Aprovechamos para ofrecer una lista de pautas que deben seguir los enfermos de EPOC en invierno, cuando su estado tiende a empeorar en los meses más fríos.


EPOC e invierno

Los pacientes con enfermedad pulmonar obstructiva crónica (EPOC) a menudo tienen episodios más agudos de empeoramiento de los síntomas (exacerbaciones) durante los meses más fríos del año. Se ha comprobado que la EPOC en invierno resulta más virulenta. De hecho, durante enero, febrero y marzo, se evidencian tasas más altas de hospitalización y mortalidad, según todos los estudios.

Los resultados también mostraron la eficacia de la prevención. Una intensificación de los tratamientos preventivos, durante estos tres meses, puede lograr un impacto positivo. Esto se traduce en un descenso de la mortalidad general por EPOC y de las tasas de reingreso hospitalario. También disminuye la carga económica sobre los recursos de atención médica.

Investigación norteamericana sobre la EPOC en invierno

Según un estudio de investigadores norteamericanos, la EPOC afecta aproximadamente al 6% de la población estadounidense. Dada su alta prevalencia, la EPOC se asocia con una carga económica considerable, que se estima que aumentará a $ 49 mil millones anuales para 2020.

Los especialistas revisaron los datos de una muestra nacional de pacientes hospitalizados de 2016 y una completa base de datos nacional de enfermos de EPOC con hospitalización. De esta manera han podido obtener una mejor comprensión de las variaciones estacionales en las tasas de ingreso hospitalario debido a las exacerbaciones de la EPOC. Además han podido cuantificar su impacto en la utilización de los recursos de atención médica.
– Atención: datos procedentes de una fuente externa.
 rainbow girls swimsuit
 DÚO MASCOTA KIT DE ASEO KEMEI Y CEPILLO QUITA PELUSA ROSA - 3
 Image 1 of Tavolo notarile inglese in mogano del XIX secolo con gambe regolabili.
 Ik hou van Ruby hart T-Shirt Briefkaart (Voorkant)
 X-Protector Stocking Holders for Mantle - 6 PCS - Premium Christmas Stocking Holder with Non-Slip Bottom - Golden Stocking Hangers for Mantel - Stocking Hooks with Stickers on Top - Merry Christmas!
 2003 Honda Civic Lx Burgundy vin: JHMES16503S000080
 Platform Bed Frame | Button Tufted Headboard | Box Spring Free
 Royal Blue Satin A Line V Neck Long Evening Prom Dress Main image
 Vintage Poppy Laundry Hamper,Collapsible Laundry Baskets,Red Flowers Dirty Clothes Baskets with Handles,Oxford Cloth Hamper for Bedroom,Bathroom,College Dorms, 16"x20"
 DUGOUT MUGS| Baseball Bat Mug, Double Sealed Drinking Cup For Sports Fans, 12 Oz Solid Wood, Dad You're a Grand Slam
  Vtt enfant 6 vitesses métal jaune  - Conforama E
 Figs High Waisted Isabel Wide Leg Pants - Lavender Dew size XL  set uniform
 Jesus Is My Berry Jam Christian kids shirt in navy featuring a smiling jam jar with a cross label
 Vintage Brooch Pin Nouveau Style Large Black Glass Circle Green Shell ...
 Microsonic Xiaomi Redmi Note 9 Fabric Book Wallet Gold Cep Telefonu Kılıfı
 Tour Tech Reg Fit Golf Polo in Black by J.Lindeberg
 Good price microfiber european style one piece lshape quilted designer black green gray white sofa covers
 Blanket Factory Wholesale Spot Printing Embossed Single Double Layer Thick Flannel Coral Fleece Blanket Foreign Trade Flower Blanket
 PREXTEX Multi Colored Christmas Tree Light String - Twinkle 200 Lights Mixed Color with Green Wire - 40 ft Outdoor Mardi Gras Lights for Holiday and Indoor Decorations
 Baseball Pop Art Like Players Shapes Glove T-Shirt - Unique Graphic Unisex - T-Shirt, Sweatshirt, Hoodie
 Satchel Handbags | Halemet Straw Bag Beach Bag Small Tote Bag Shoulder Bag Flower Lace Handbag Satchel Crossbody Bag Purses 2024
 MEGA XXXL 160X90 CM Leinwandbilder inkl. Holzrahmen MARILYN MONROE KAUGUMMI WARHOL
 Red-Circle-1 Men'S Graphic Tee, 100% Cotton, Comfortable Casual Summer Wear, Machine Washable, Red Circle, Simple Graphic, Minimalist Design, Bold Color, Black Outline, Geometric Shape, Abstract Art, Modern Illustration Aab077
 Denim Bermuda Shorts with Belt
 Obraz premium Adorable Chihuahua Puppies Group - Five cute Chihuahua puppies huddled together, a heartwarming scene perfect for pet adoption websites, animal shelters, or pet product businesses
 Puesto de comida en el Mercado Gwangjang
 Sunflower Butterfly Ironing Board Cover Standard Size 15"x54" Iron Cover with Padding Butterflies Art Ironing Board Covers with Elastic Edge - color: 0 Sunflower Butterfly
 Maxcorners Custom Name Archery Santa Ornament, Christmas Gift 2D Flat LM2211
El estudio ha incluido datos de un total de 530,229 pacientes con EPOC, con una edad media de 68 años. Los resultados mostraron que la mayoría de los ingresos hospitalarios durante el año (33,69%) ocurrieron en el primer trimestre (enero, febrero y marzo).

La variación estacional de la EPOC en invierno

Los pacientes ingresados ​​durante este período tenían más probabilidades de tener que ser readmitidos que los pacientes hospitalizados en cualquier otro momento del año. Los afectados ingresados ​​durante estos tres meses también obtuvieron resultados más pobres, estadías más largas en el hospital y las tasas de mortalidad más altas.

“Los resultados del estudio destacan la dramática variación estacional en las tasas de ingresos por exacerbación de la EPOC. La mayoría de las admisiones ocurren durante los meses más fríos del año … y están asociadas con las tasas de mortalidad más altas. La mayor carga sobre los recursos sanitarios se encuentra en el primer trimestre”, escribieron los investigadores.

Los tratamientos preventivos

Para los especialistas, aliviar estas cifras y consecuencias con respecto a la incidencia de la EPOC en los meses más fríos, pasa por intensificar los tratamientos preventivos. Así se puso de manifiesto con los resultados de una investigación adicional.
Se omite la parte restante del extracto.